FEDERAL WAY, Wash. – Sehr gut!
Georgia’s Martin Grodzki, a junior from Berlin, Germany, said Auf Wiedersehen to the field late in the 500-yard freestyle Thursday night to end two years of frustration at the NCAA Division I Men’s Swimming and Diving Championships.
“That was something else,” said an ecstatic Georgia coach Jack Bauerle. “It was pretty darn special.”
Just imagine that in each of the past two years Grodzki finished second in the 1,650, the longest race at this meet. And last year he was seeded third, but didn’t even make the final eight in the 500, finishing 10th.

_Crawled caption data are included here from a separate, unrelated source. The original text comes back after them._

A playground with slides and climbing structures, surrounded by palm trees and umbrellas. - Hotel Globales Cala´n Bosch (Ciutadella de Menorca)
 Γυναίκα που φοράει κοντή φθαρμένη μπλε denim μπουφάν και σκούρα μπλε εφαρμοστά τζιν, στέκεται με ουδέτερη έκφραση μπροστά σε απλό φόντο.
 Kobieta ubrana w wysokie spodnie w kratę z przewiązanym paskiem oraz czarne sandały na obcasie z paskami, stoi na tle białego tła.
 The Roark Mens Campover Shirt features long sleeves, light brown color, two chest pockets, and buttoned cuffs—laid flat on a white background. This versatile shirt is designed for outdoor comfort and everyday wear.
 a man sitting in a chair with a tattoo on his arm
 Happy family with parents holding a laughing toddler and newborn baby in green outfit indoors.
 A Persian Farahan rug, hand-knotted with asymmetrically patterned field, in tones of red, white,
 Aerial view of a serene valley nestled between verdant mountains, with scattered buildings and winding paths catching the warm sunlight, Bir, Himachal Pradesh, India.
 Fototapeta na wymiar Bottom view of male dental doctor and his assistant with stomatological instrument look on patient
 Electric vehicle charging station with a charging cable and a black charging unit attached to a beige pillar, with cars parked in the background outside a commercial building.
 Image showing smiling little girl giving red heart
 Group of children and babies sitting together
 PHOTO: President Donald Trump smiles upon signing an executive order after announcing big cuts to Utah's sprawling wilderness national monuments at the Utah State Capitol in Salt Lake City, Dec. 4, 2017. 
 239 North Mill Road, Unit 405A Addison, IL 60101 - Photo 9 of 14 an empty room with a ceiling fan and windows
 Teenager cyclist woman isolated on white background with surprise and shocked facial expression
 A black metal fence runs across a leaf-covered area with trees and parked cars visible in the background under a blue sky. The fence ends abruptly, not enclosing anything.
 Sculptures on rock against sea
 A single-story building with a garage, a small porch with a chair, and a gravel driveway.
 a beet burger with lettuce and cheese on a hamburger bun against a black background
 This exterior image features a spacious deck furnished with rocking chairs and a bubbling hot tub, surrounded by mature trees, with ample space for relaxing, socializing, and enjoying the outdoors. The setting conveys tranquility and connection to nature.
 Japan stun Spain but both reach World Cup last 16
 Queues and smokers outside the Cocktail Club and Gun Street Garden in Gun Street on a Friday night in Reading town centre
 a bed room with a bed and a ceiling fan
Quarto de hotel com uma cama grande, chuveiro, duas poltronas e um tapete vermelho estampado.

“It feels good to get first, especially in the 500, because people didn’t really take me seriously as a 500 swimmer,” Grodzki said with a smile. “They always thought I was just a pure miler. Winning the 500 is especially nice because it’s my favorite race.”
The swimming world will definitely take him seriously now after he twice set personal bests in the Weyerhaeuser King Aquatic Center. And Saturday night he’ll hope to capture that elusive 1,650, the meet’s longest race.
Thursday morning, he staged an epic prelims battle with Michigan’s Connor Jaeger, finishing in a career-best 4 minutes, 13.80 seconds, getting touched out at the end.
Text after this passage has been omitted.